**Work order**
Any picture in the material should be left out, while all other lines are copied exactly.

**Source material**
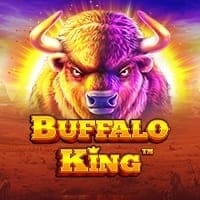 Buffalo King in alwayshot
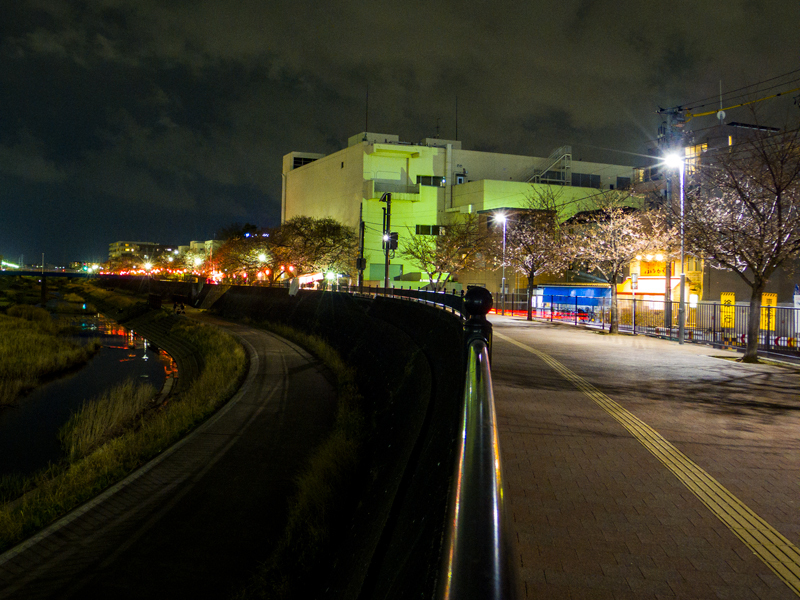 2019-03-kashiogawa-003.jpg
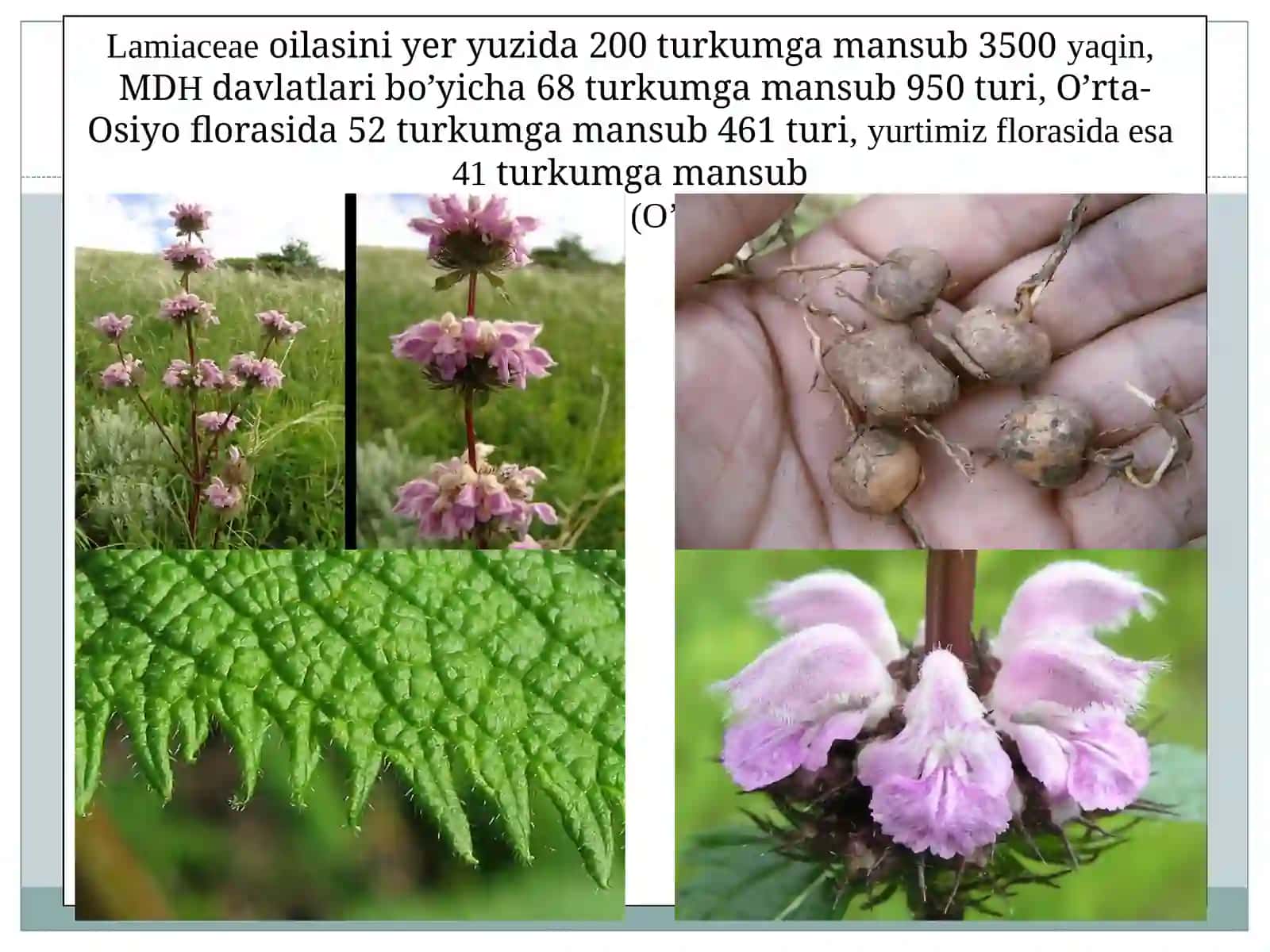 Yalpizdoshlar Lamiaceae oilasi 3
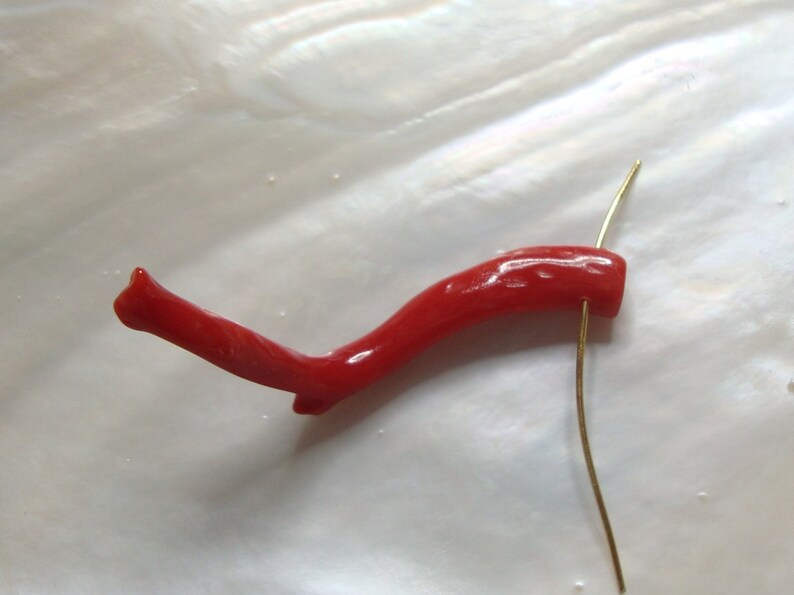 Amazing Red D11 AAA Quality Genuine Mediterranean sea red coral branch 100/% natural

**Answer below**
 Buffalo King in alwayshot
 2019-03-kashiogawa-003.jpg
 Yalpizdoshlar Lamiaceae oilasi 3
 Amazing Red D11 AAA Quality Genuine Mediterranean sea red coral branch 100/% natural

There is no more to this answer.